● **Aim of the task**
Could you repeat every record below exactly, leaving out the pictures?

● **Working data**
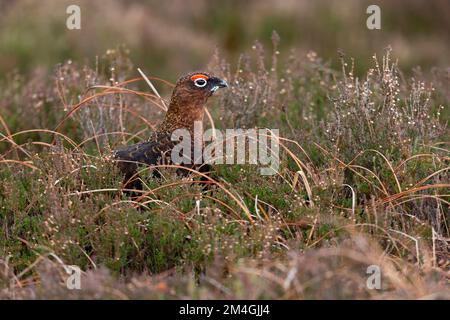 Rothühner Lagopus lagopus scotica, männlicher Erwachsener mit Heidekraut, Lochindrob, Highlands, Schottland, Vereinigtes Königreich, Februar Stockfoto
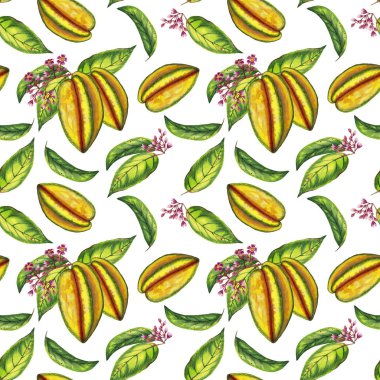 Gerçekçi Carambola 'nın kusursuz deseni, çiçekler ve yapraklar. Dallarda ve tek başına renkli bütün bir yıldız meyvesi. Suluboya elle beyaz arkaplana izole elementler çizdi.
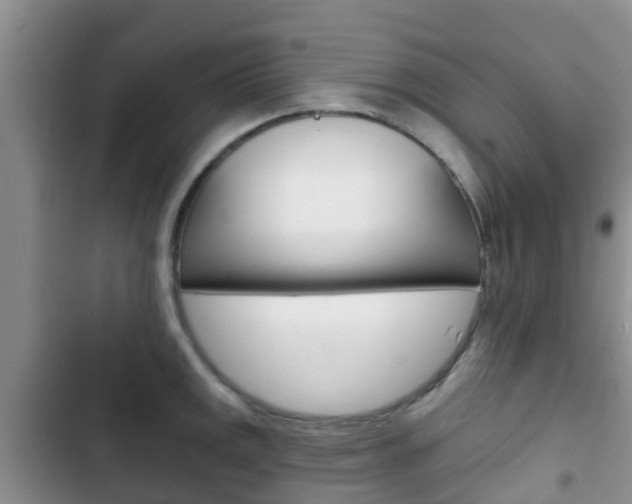 X0000102771141200808180949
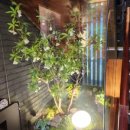 강남최선생 이미지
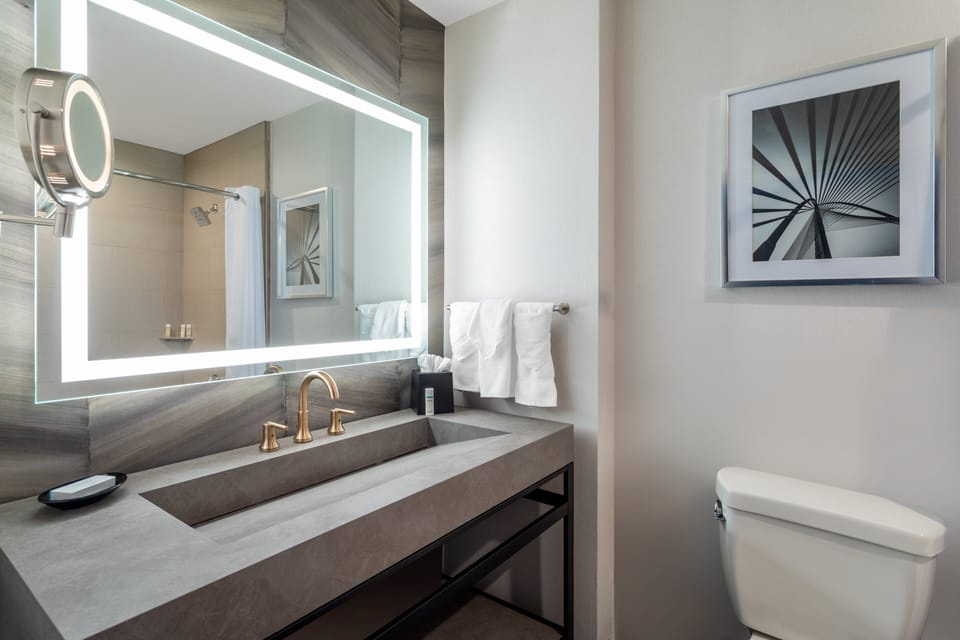 Combined shower/tub, free toiletries, hair dryer, towels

● **Expected answer**
 Rothühner Lagopus lagopus scotica, männlicher Erwachsener mit Heidekraut, Lochindrob, Highlands, Schottland, Vereinigtes Königreich, Februar Stockfoto
 Gerçekçi Carambola 'nın kusursuz deseni, çiçekler ve yapraklar. Dallarda ve tek başına renkli bütün bir yıldız meyvesi. Suluboya elle beyaz arkaplana izole elementler çizdi.
 X0000102771141200808180949
 강남최선생 이미지
 Combined shower/tub, free toiletries, hair dryer, towels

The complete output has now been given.